En teoría, las normas eran estrictas: los prisioneros debían permanecer dentro de la zona. En la práctica, las normas eran quebrantadas. Y la conducta que no quebrantaba técnicamente las normas, sin importar cuán violenta o perjudicial fuera, no era necesariamente castigada.

REZHIM: LAS NORMAS PARA VIVIR

La zona controlaba los movimientos de los prisioneros en el espacio;[21] pero lo que controlaba su tiempo era el rezhim (el régimen). Dicho de modo más simple era la serie de normas y procedimientos según la cual operaba el campo.

El régimen era de distinta severidad de un lagpunkt a otro, tanto según las diversas prioridades como según el tipo de prisionero confinado en un campo determinado. En diferentes momentos, hubo campos de régimen liviano para inválidos, campos con un régimen ordinario y campos con un régimen de castigo. Pero el sistema básico era el mismo. El régimen determinaba cuándo y cómo debía despertarse el prisionero, cómo debía marchar al trabajo, cuándo y cómo recibiría la comida, y a qué hora y cuánto tiempo debía dormir.

En la mayoría de los campos, el día del prisionero oficialmente comenzaba con el razvod: el procedimiento de organizar a los prisioneros en brigadas que luego marcharían a trabajar. Una sirena u otra señal los despertaba. Una segunda sirena anunciaba que el desayuno había terminado y que el trabajo debía comenzar. Entonces los prisioneros formaban frente a los portones del campo para el recuento matutino, que, según las instrucciones de Moscú, no debía durar más de quince minutos.[22] Por supuesto, como Kazimierz Zarod escribía, con frecuencia duraba mucho más, pese al mal tiempo:

Hacia las tres y media de la mañana era preceptivo que estuviéramos en medio de la plaza, de pie en filas de cinco, a la espera del recuento. Los guardias a menudo cometían errores, y entonces se efectuaba un segundo recuento. Una mañana en que estuviera nevando este proceso era largo, frío e interminable. Si los guardias estaban despiertos y se concentraban, el recuento generalmente se hacía en treinta minutos, pero si se equivocaban, podíamos estar firmes al menos una hora.[23]
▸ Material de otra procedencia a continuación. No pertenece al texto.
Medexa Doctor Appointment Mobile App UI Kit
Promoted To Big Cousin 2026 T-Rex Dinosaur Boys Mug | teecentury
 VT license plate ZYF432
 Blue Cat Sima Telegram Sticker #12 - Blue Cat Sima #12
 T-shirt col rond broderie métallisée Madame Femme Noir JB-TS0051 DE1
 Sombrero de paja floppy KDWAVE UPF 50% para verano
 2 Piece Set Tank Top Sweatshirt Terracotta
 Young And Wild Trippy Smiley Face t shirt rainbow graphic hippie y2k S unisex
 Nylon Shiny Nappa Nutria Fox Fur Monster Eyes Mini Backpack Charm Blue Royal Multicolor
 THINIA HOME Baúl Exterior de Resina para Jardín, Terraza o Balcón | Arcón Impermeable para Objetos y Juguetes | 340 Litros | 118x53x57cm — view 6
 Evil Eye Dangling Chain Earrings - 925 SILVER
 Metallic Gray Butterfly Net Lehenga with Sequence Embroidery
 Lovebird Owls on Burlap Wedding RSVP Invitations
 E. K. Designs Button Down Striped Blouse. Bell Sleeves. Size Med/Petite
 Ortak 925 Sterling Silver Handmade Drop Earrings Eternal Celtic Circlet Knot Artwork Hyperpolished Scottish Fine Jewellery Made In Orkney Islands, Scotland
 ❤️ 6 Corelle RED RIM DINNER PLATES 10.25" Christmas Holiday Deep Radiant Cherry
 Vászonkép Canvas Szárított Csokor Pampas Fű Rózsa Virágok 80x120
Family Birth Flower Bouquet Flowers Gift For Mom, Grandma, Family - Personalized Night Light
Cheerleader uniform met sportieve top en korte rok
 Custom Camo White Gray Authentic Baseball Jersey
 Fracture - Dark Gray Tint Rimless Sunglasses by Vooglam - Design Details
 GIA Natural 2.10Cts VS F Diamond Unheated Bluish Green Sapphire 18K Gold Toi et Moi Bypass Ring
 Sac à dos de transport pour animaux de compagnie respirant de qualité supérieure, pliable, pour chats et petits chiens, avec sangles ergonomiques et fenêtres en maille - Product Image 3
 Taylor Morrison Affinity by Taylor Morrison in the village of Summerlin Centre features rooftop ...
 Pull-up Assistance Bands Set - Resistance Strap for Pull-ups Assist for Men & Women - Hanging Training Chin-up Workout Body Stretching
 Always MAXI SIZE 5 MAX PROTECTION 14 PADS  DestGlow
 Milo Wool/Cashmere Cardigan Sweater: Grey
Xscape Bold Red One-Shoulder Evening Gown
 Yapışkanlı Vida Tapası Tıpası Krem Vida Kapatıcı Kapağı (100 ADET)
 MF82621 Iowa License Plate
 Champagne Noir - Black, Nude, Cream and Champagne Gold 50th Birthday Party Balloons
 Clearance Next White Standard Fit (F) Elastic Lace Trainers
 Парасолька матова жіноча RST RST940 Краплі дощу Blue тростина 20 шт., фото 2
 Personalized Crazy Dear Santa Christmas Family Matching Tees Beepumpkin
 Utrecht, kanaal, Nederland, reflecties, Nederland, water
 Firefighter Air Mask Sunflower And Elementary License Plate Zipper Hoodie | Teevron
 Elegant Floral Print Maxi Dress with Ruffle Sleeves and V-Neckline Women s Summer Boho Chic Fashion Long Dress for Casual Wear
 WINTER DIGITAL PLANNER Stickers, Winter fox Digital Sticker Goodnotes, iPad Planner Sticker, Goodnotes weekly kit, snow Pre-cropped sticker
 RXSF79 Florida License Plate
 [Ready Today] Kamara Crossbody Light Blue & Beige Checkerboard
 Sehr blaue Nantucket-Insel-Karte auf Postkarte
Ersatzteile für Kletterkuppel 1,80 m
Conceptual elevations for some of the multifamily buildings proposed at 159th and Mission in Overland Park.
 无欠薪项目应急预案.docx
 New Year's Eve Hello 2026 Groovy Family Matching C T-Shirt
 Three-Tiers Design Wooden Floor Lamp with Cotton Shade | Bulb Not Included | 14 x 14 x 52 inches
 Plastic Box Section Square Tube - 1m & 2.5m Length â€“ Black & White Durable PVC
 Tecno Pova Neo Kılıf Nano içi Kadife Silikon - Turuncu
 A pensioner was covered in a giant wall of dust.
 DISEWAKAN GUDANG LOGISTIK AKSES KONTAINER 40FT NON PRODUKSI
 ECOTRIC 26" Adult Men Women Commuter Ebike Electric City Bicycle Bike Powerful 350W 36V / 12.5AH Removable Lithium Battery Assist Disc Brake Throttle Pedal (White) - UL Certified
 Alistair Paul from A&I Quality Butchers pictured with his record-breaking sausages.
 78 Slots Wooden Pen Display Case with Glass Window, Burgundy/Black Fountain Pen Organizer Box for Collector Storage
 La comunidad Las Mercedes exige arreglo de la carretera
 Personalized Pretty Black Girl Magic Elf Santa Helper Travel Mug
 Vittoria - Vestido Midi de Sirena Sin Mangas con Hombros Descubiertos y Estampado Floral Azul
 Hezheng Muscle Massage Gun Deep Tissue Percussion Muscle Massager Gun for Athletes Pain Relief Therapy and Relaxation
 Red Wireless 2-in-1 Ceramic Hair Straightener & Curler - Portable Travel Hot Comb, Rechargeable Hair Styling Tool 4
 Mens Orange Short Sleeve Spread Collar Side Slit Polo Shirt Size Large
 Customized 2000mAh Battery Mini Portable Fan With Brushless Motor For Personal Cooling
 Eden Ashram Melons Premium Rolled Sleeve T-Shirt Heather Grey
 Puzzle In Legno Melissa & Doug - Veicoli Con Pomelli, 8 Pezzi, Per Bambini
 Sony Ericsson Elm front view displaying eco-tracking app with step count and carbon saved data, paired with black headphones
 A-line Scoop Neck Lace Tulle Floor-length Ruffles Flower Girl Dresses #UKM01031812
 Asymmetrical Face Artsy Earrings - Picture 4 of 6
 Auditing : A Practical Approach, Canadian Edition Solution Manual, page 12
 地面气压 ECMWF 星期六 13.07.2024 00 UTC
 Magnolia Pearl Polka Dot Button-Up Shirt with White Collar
Mientras esto ocurría, en algunos campos se tomaron medidas para «levantar el ánimo de los prisioneros». Kazimierz Zarod anota el extraño fenómeno de una banda mañanera, compuesta de músicos prisioneros, tanto profesionales como aficionados:

Cada mañana, la «banda» se paraba junto a la puerta tocando música militar y se nos exhortaba a marchar «con fuerza y alegría» a nuestra jornada. Habiendo tocado hasta que el final de la columna hubiera pasado el portón, los músicos dejaban sus instrumentos y se ponían al final de la columna, uniéndose a los trabajadores que caminaban hacia el bosque.[24]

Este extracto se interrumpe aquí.